Each individual involved makes up a cell within the body of the foster care system. Cells operating with misguided ideologies are most unhealthy as they can spread like a malignant cancer throughout the system, influencing every cell they come in contact with, whereas poor practice is confined to a local area and can be contained while it is treated. This treatment should be proactive and can be accomplished through training/support services, leading by example, and supervision/follow-up. The system cannot afford to lose a single one of its white blood cells who are comprised of foster families, CASA volunteers, Guardian Ad Litems, social workers, case managers, and any other individual willing to advocate for the betterment of the lives of foster children.
The foster care system should listen to the cells within its body and act accordingly when showing symptoms of an illness or injury. It is not superhuman or self regenerative and needs to cease acting invincible or, at times depending upon the cells involved, as if it’s nose (and subsequent blood loss) is expendable when slighted. Furthermore, it should probably conduct a mental health check up and develop some humility while exploring its arrogance issues or at least why it compensates at times with such behavior.
Criticism With Hope For The Future
Though I am critical of the foster care system, it is important to note that I am in no way bashing it. While it is unfortunate, it is true that society will forever be in need of a foster care system. We are human and humans perish or make mistakes requiring support and guidance. When those mistakes have consequences for children we need a healthy functioning system to connect vulnerable youth with compatible loving and supportive caregivers while corrections are being made. When those mistakes evolve into bad choices then those children will need to be connected with families who will choose to do right by them.

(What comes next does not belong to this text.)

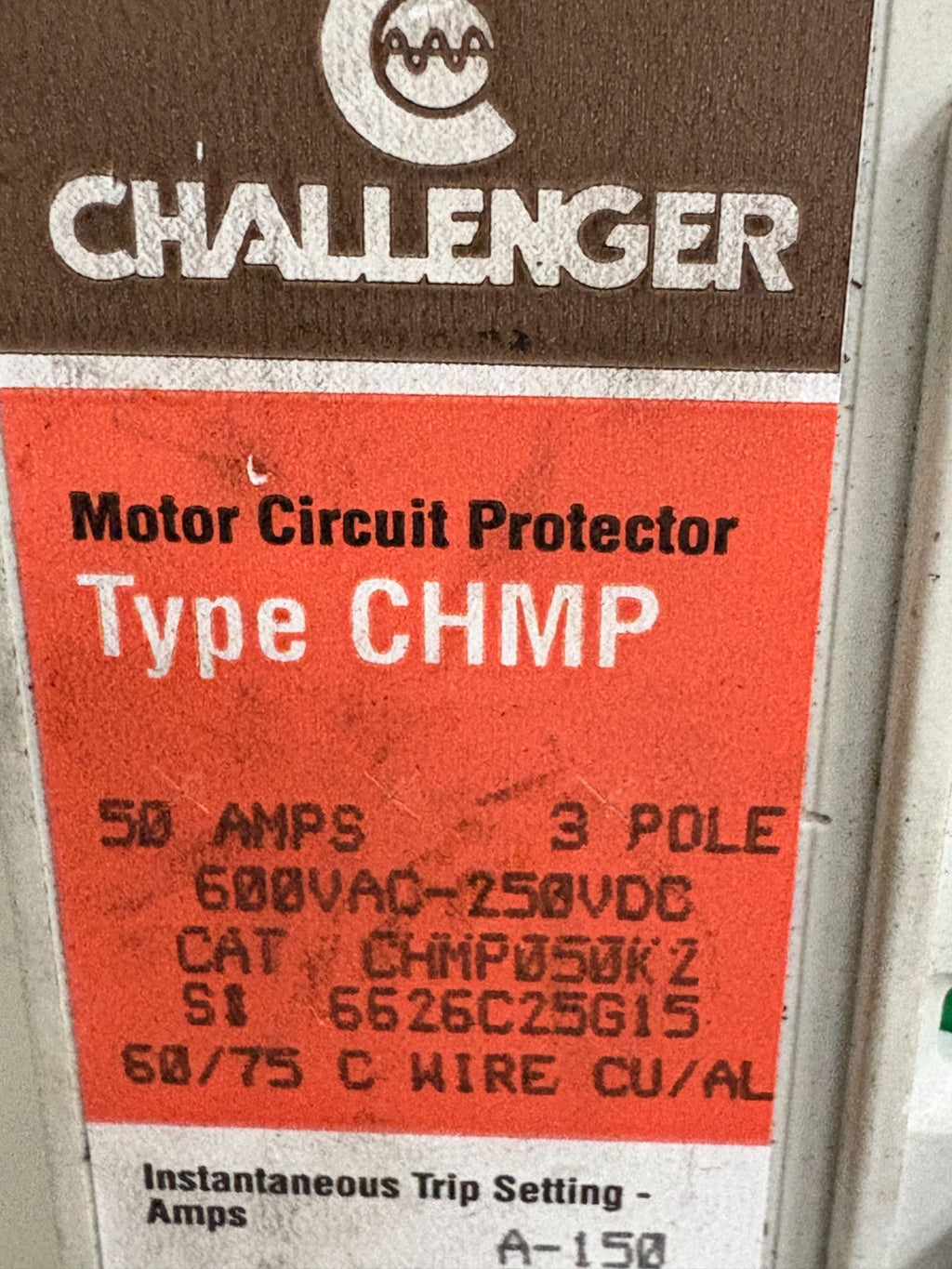 CHALLENGER 50 AMP MOTOR CIRCUIT PROTECTOR TYPE CHMP050K2 6626C25G15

“While it is unfortunate, it is true that society will forever be in need of a foster care system.”
It is also important to note that nothing I share should be viewed discouragingly as every unfortunate circumstance should be motivation to get involved and make a difference. Yes, to be completely honest fostering is hard work and it is painfully beautiful. Those who encourage foster parenting by emphasizing all of the beautiful warm fuzzies contribute to the high foster parent turnover rate. I feel it is important to be aware of what is real and the reality is that this calling requires heart, trauma informed training, and commitment. We cannot all serve in the same capacities therefore, inability to foster or adopt that does not negate what you can do!
Each community’s DSS and LCPA’s should be aware of viruses in their milieu and not dismiss a sniffle as benign as that is how pneumonia begins. The deeper inflictions will take lengthy intensive treatment to heal but that does not make them futile. As long as there is hope there will be change.